Probablemente el único gesto inconsciente del que era capaz.
»Son especies exóticas provenientes de todo el mundo: América, Asia, África.
—¿Los químicos que usan tienen toxinas?
Volteé el rostro para encontrar a Vincenzo con sus ojos ya puestos en mí, con una expresión vacía e indescifrable.
—No voy a envenenar mis propias tierras, Diavolessa. Toda la comida que se sirve en la Villa se produce en ellas por la misma gente del pueblo.
—Lo que mi querido Capo quiere decir, Muñeca, es que su gigante y gentil corazón nunca le permitiría hacerle daño a la naturaleza.
Resoplé, a sabiendas de que Salvatore solo había aportado a la conversación para fastidiar a Vincenzo.
—¿Cómo se llama? —Vincenzo alzó una ceja, incitándome a clarificar con el gesto—. Esto es una especie de jardín, ¿cierto? Imagino que tiene nombre.
—Lo único que debes saber de este jardín es que estas porciones de tierra son privadas para todos en la Isla. ¿Te queda claro? La entrada principal de la Villa está al lado este.
Quería refutar y molestarlo hasta que saciara mi curiosidad, justo como Salvatore hacía, pero no quería tentar a la suerte tan temprano en el matrimonio. Así que me limité a sonreír inocentemente con un par de pestañeos falsos e innecesarios. Sabía que él no se tragaba mi actuación de niña buena, y eso hacía mucho más divertido pretender serlo.
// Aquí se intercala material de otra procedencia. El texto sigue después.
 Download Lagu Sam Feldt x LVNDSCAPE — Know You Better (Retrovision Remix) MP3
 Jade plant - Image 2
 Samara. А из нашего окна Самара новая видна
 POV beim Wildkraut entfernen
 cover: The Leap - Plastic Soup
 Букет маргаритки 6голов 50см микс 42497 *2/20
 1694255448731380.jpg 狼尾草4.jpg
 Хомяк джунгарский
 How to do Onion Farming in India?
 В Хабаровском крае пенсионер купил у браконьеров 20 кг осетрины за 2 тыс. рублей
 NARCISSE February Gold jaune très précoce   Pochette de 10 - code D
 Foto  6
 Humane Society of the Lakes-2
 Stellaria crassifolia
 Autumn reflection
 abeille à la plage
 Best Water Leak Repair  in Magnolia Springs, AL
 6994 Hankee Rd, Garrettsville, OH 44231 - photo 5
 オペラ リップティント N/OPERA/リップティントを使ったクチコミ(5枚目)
—Cristalino como al agua, cariño —repliqué, lanzándole un beso que hizo que sus ojos llamearan y sus labios se tensaran en una línea firme y fina.
Quince minutos después, nos detuvimos frente al Inferno, la afamada mansión de la Famiglia más poderosa de toda la Cosa Nostra y, probablemente el mundo.
No esperé a que el chofer abriera la puerta para salir del coche, admirando la gigantesca estructura de cinco pisos frente a mí. Por las pocas fotos que había conseguido, sabía que la casa era grande, solo que no imaginaba cuan imponente podrían ser sus paredes de piedras gastadas y marcadas por el tiempo.
Una mujer de complexión pequeña, de unos sesenta años, apareció por un pequeño camino de piedras a mi lado. El rostro de Salvatore se iluminó inmediatamente al verla y, con una sonrisa genuina y cálida —una que nunca antes había visto en él—, se encaminó hacia la señora y la estrujó entre sus brazos.
Miré la escena extrañada y con un sentimiento ajeno ahuecándome el estómago.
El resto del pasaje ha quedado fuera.